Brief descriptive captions
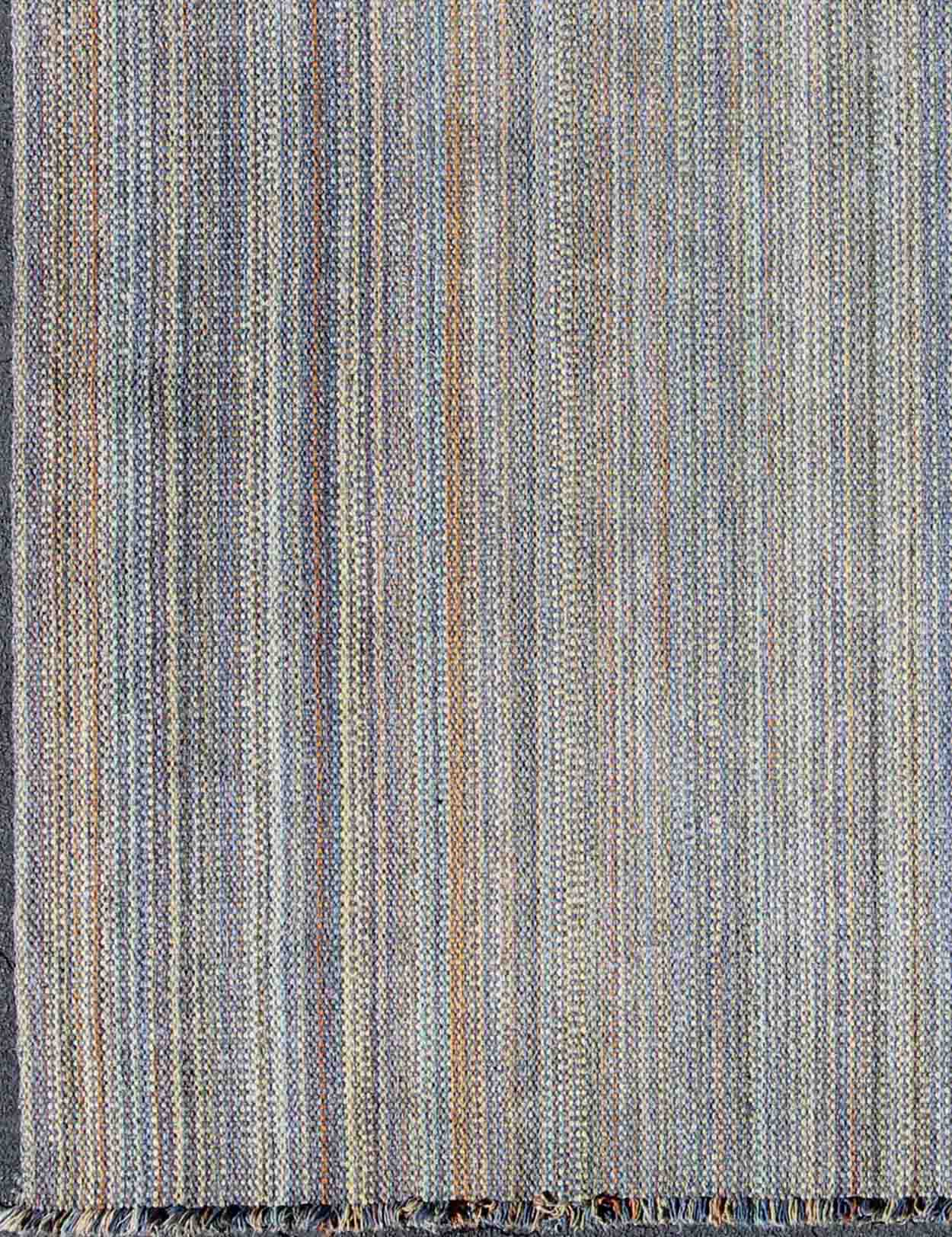 Large Vintage American Rug Braided in Multi - Colored. Measures: 8'5 x 11'2 This large American braided rug features a unique color palette coupled with a fine demonstration of American weaving. The tones of each stripe come together to p... - Keivan Woven ArtsS12 - 0708 - 3329Rug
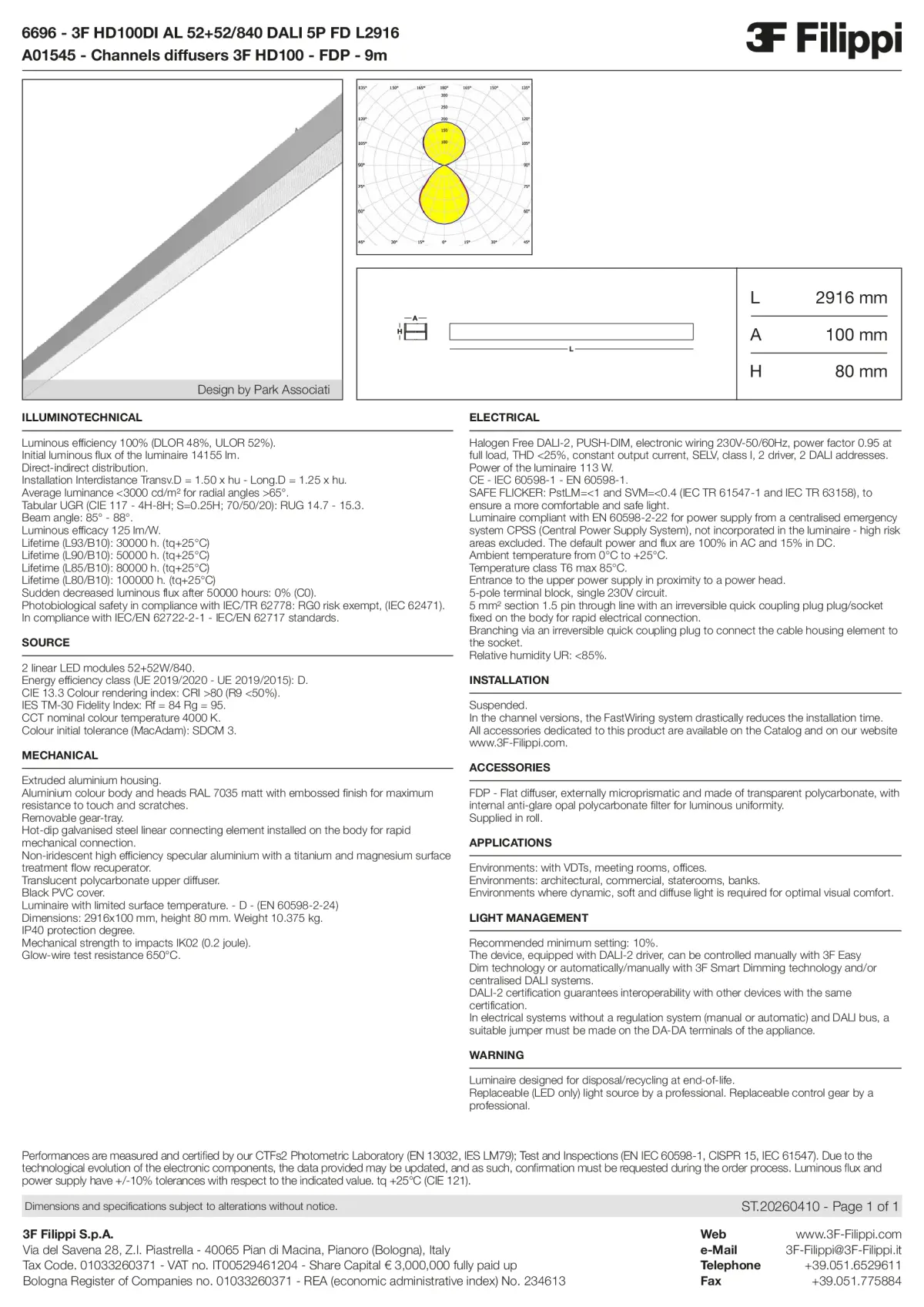 6696+A01545 - 3F HD100DI AL 52+52-840 DALI 5P FD L2916 + FDP - Datasheet - en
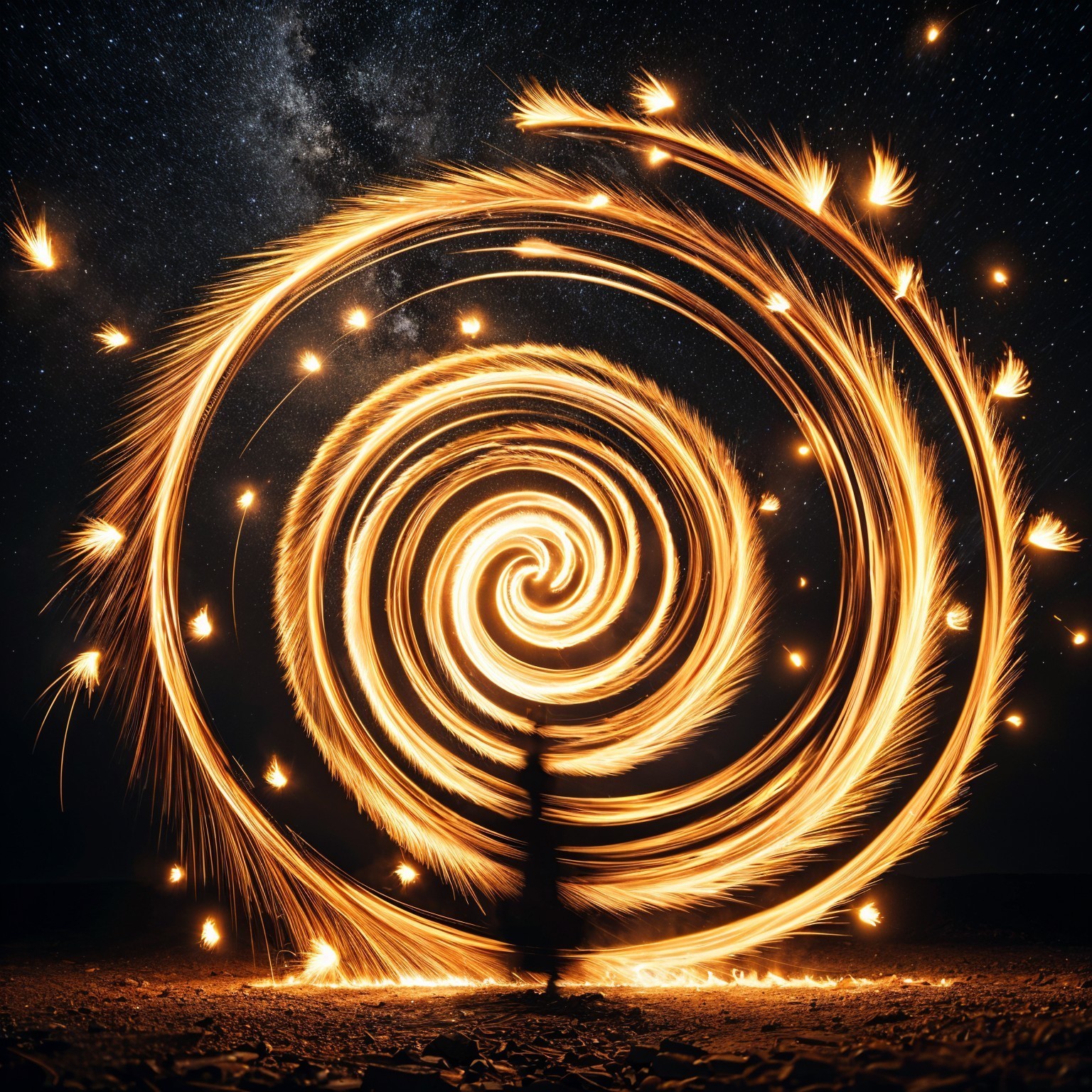 Night Scene of Golden Sparks in Starry Sky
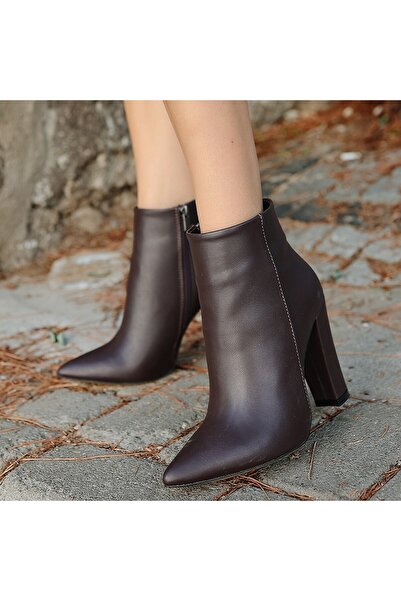 BESKAR Loora Brown Leather Heeled Boots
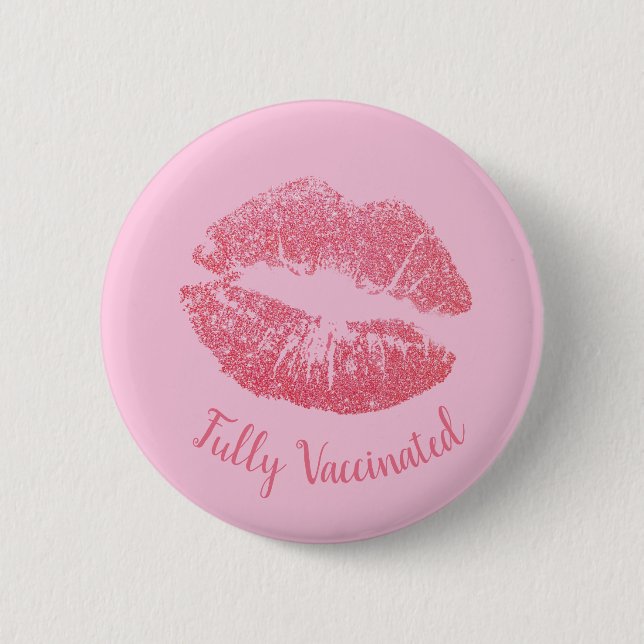 Badge Rond 5 Cm Baguette à lèvres rose jolie Vacciné (Devant)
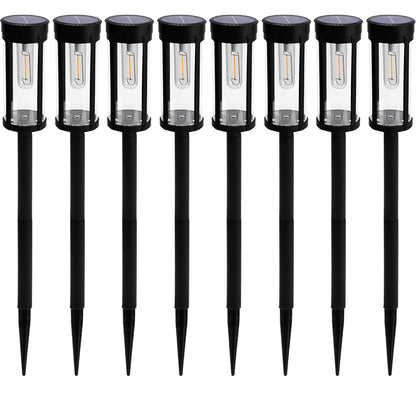 Outdoor Solar Aisle Lights 8 Pack Garden Waterproof Auto On/Off for Lawn Terrace Walkway Driveway Decoration Landscape Lighting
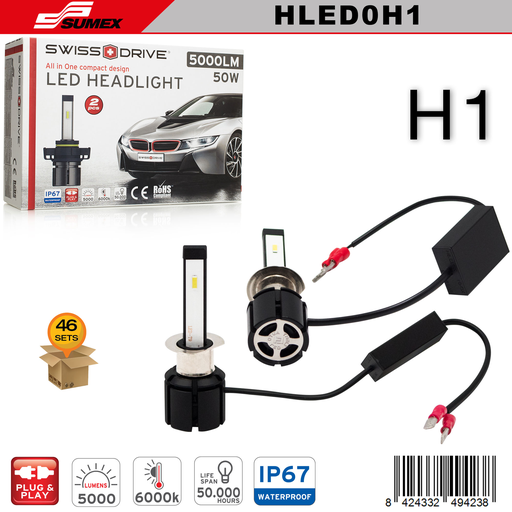 [HLED0H1] LUZ LED SWISS DRIVE 6000K H1 (5000LM) (2 UNDS) (46 SETS)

Description of the task — Write out exactly the lines from the one that contains "BESKAR Loora Brown Leather Heeled Boots" through the last line of the data above, both included. Leave every picture out.

Solution for this task —
 BESKAR Loora Brown Leather Heeled Boots
 Badge Rond 5 Cm Baguette à lèvres rose jolie Vacciné (Devant)
 Outdoor Solar Aisle Lights 8 Pack Garden Waterproof Auto On/Off for Lawn Terrace Walkway Driveway Decoration Landscape Lighting
 [HLED0H1] LUZ LED SWISS DRIVE 6000K H1 (5000LM) (2 UNDS) (46 SETS)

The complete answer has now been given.